**To do**
Your answer must be the listing repeated word for word, without its pictures.

**Recorded information**
────────────────────

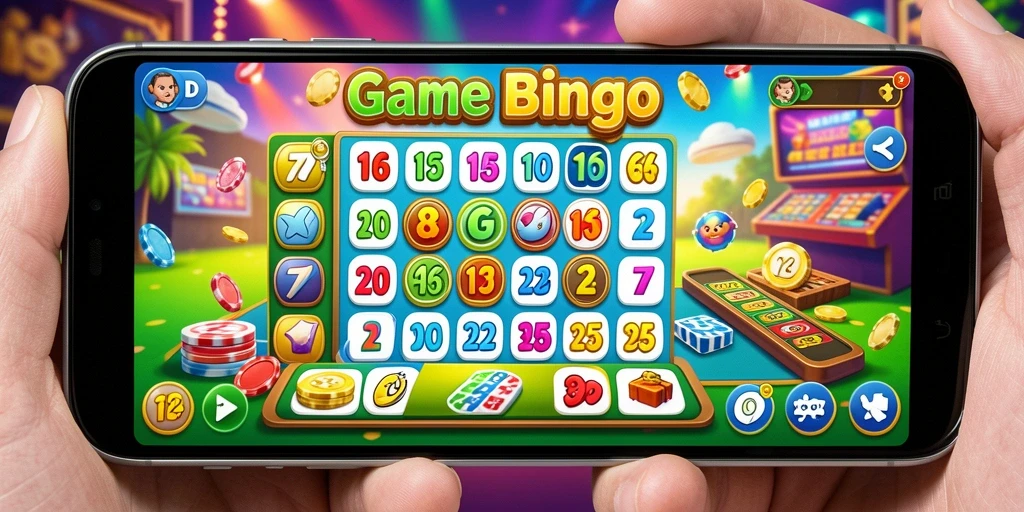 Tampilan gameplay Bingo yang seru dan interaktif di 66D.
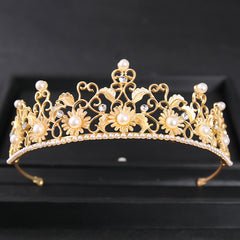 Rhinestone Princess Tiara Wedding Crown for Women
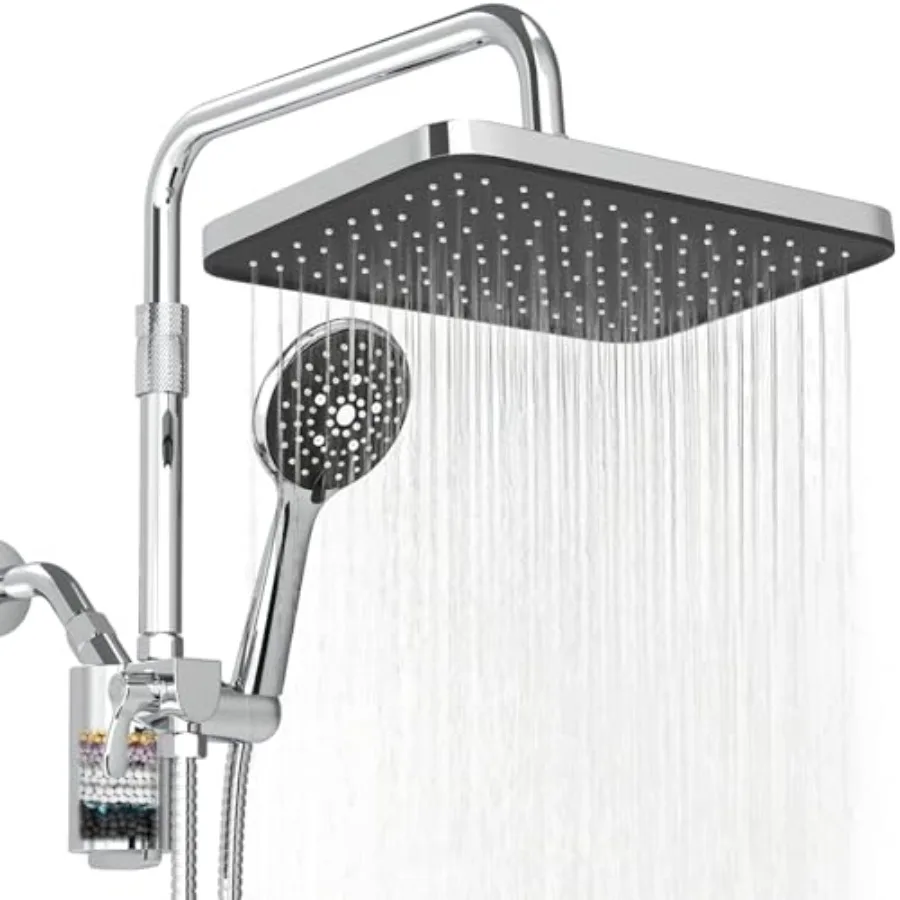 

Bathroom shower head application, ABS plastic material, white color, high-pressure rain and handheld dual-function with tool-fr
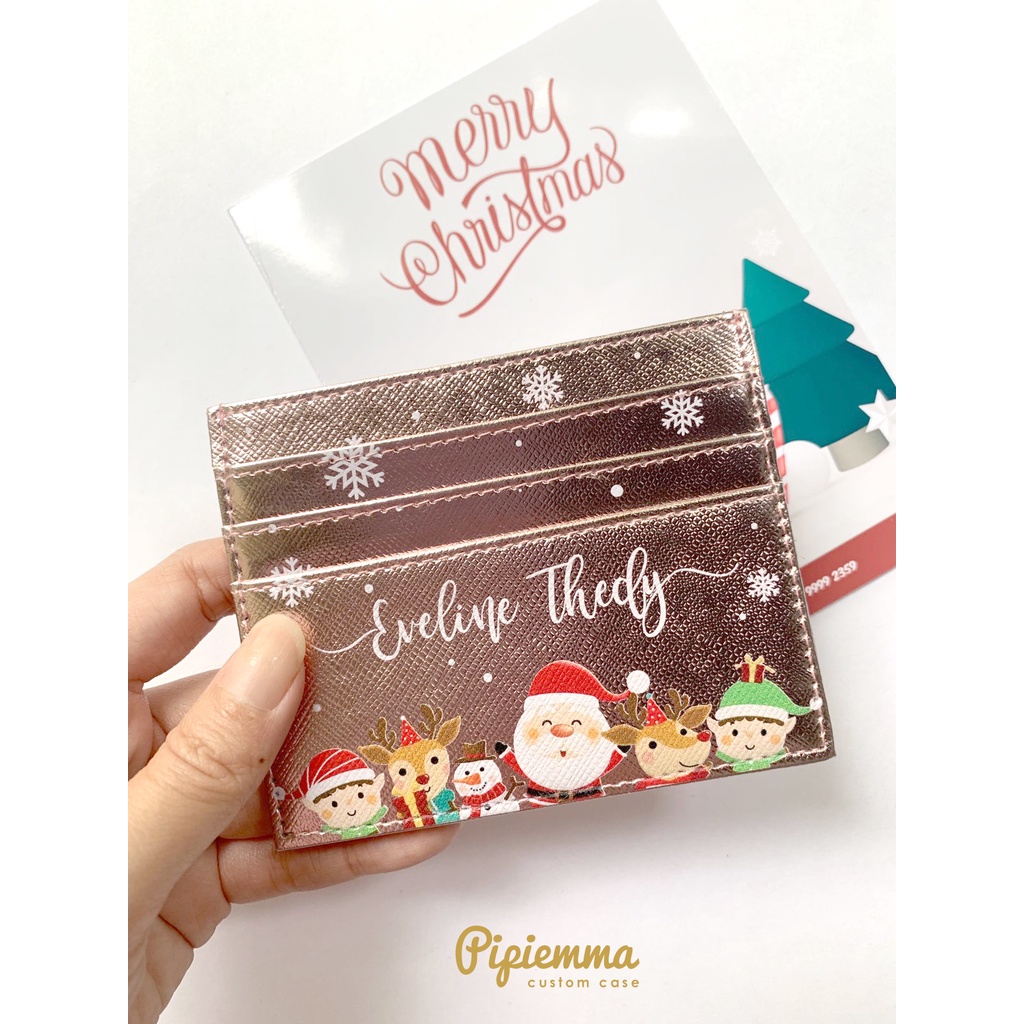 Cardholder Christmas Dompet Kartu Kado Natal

────────────────────

**Written response**
 Tampilan gameplay Bingo yang seru dan interaktif di 66D.
 Rhinestone Princess Tiara Wedding Crown for Women

Bathroom shower head application, ABS plastic material, white color, high-pressure rain and handheld dual-function with tool-fr
 Cardholder Christmas Dompet Kartu Kado Natal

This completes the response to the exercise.